Exercise data:
════════════════
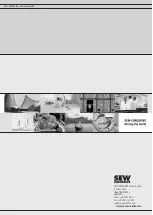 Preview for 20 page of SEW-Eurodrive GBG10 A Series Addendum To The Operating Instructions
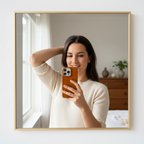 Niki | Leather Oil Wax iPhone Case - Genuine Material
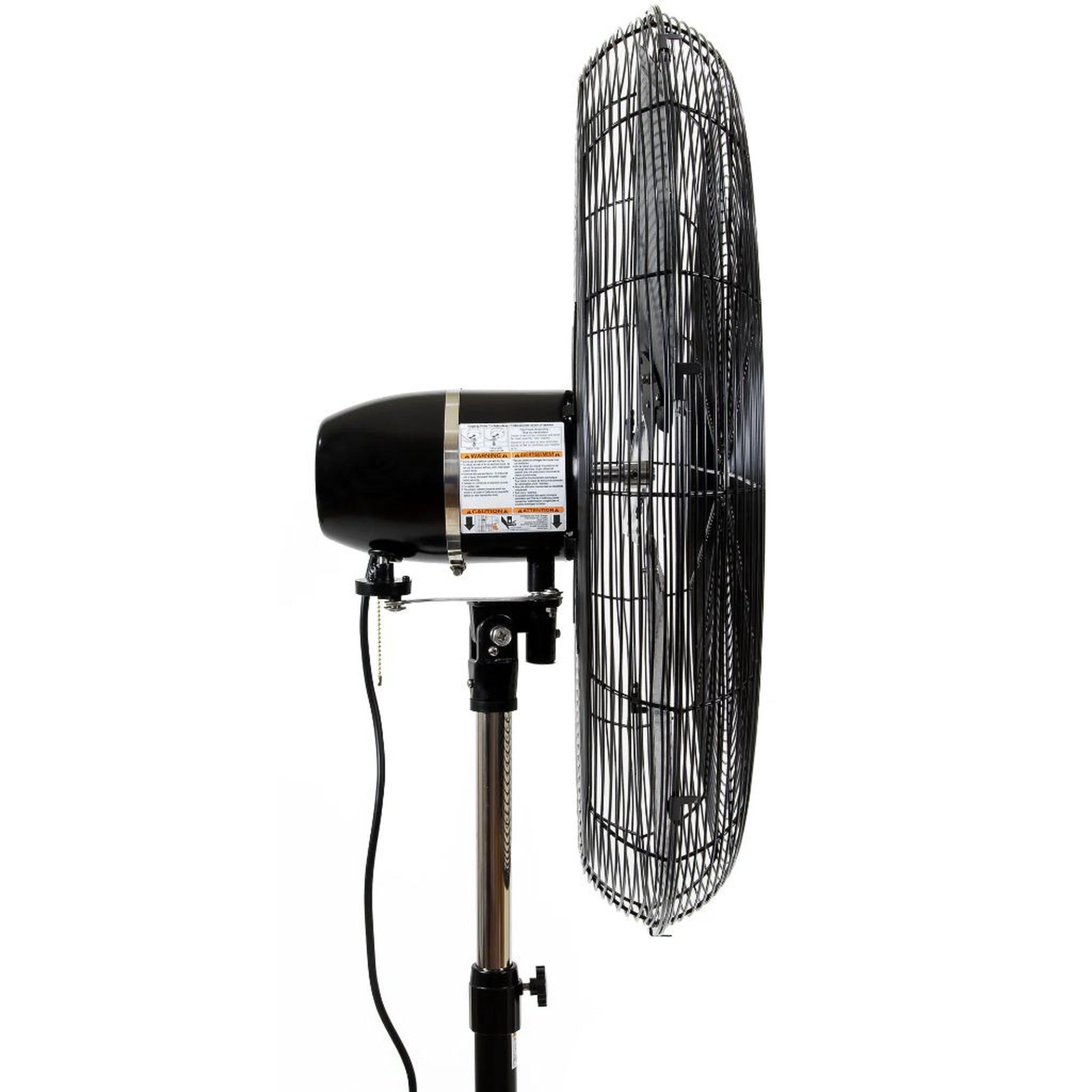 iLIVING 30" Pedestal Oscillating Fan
════════════════
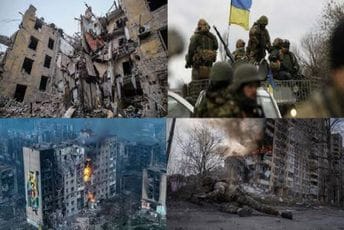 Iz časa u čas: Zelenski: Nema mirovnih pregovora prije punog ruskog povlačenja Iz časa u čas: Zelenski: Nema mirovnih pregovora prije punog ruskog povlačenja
════════════════
Task prompt:
Which part of the entries opens with the line containing "Preview for 20" and closes with the line containing "Pedestal Oscillating Fan"? Output that part exactly, ends included, pictures excluded.

Reply to the exercise:
 Preview for 20 page of SEW-Eurodrive GBG10 A Series Addendum To The Operating Instructions
 Niki | Leather Oil Wax iPhone Case - Genuine Material
 iLIVING 30" Pedestal Oscillating Fan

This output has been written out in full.